● DATA SHOWN

————————

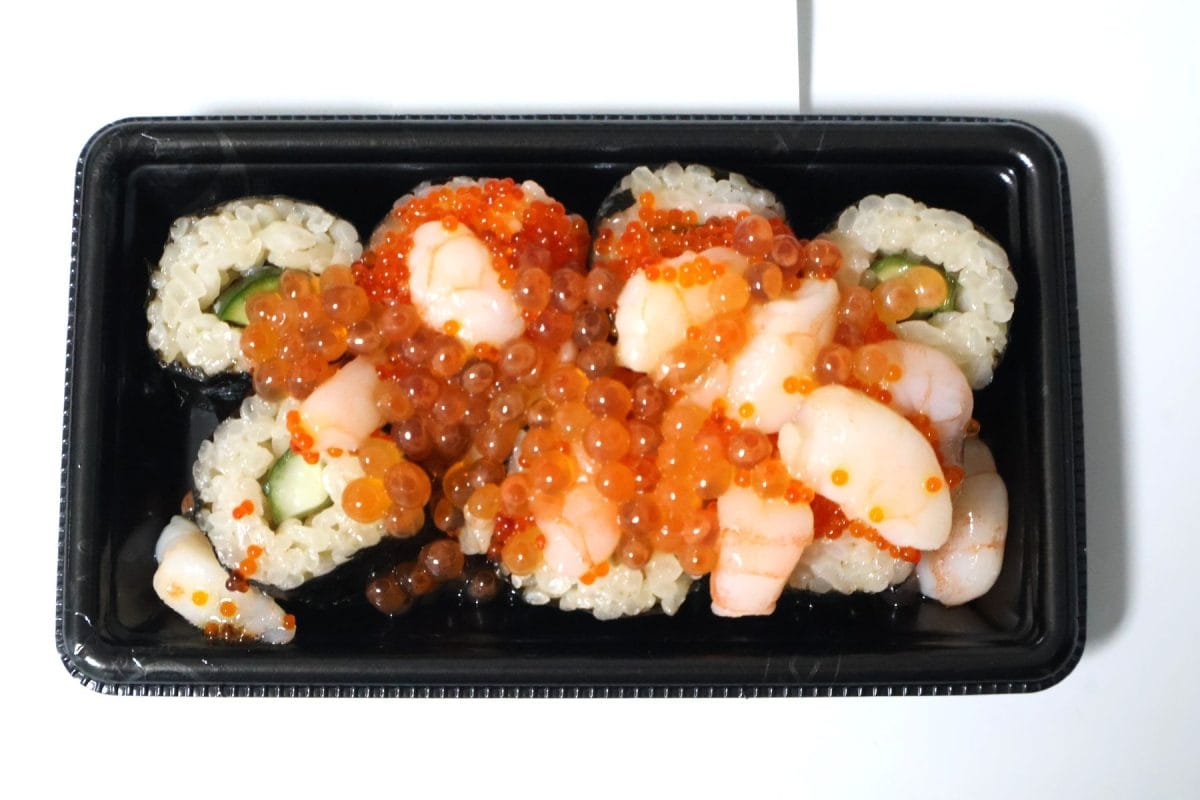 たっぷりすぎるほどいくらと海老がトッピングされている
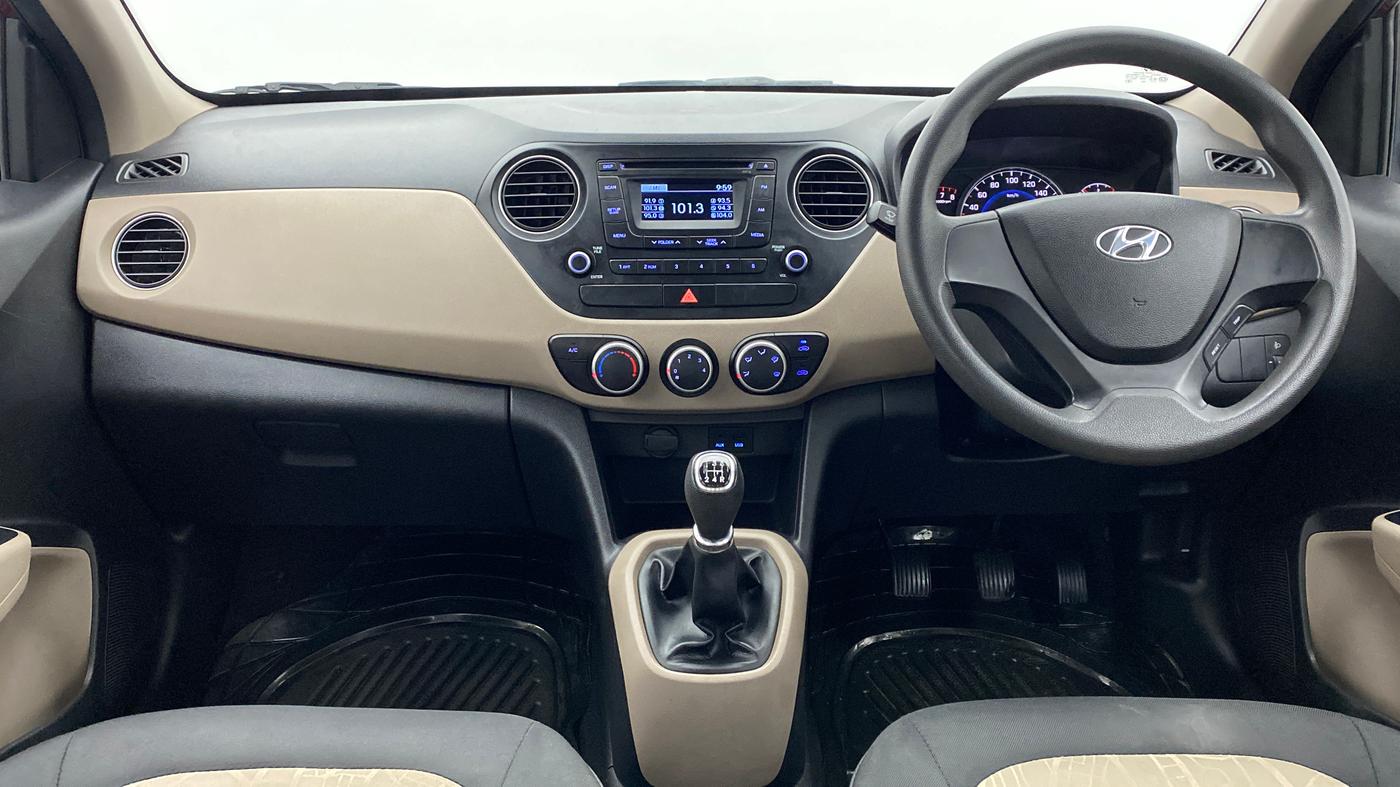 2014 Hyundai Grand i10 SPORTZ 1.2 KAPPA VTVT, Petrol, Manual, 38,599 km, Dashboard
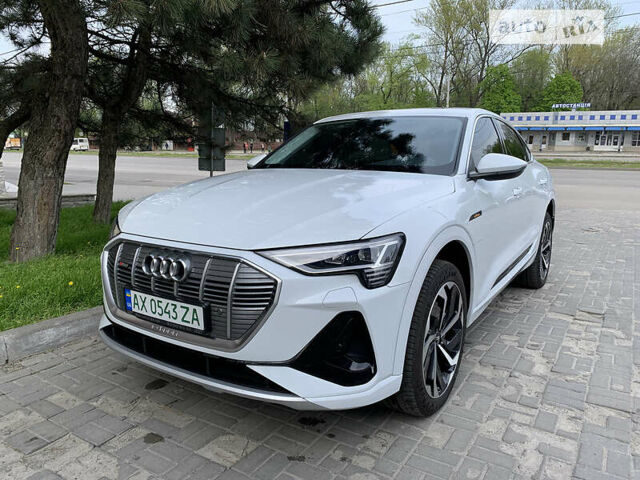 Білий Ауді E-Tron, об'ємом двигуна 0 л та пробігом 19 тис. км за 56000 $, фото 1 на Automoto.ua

————————

● PROBLEM TO SOLVE
In your copy, include no pictures; print every line above exactly.

● PROBLEM SOLUTION
 たっぷりすぎるほどいくらと海老がトッピングされている
 2014 Hyundai Grand i10 SPORTZ 1.2 KAPPA VTVT, Petrol, Manual, 38,599 km, Dashboard
 Білий Ауді E-Tron, об'ємом двигуна 0 л та пробігом 19 тис. км за 56000 $, фото 1 на Automoto.ua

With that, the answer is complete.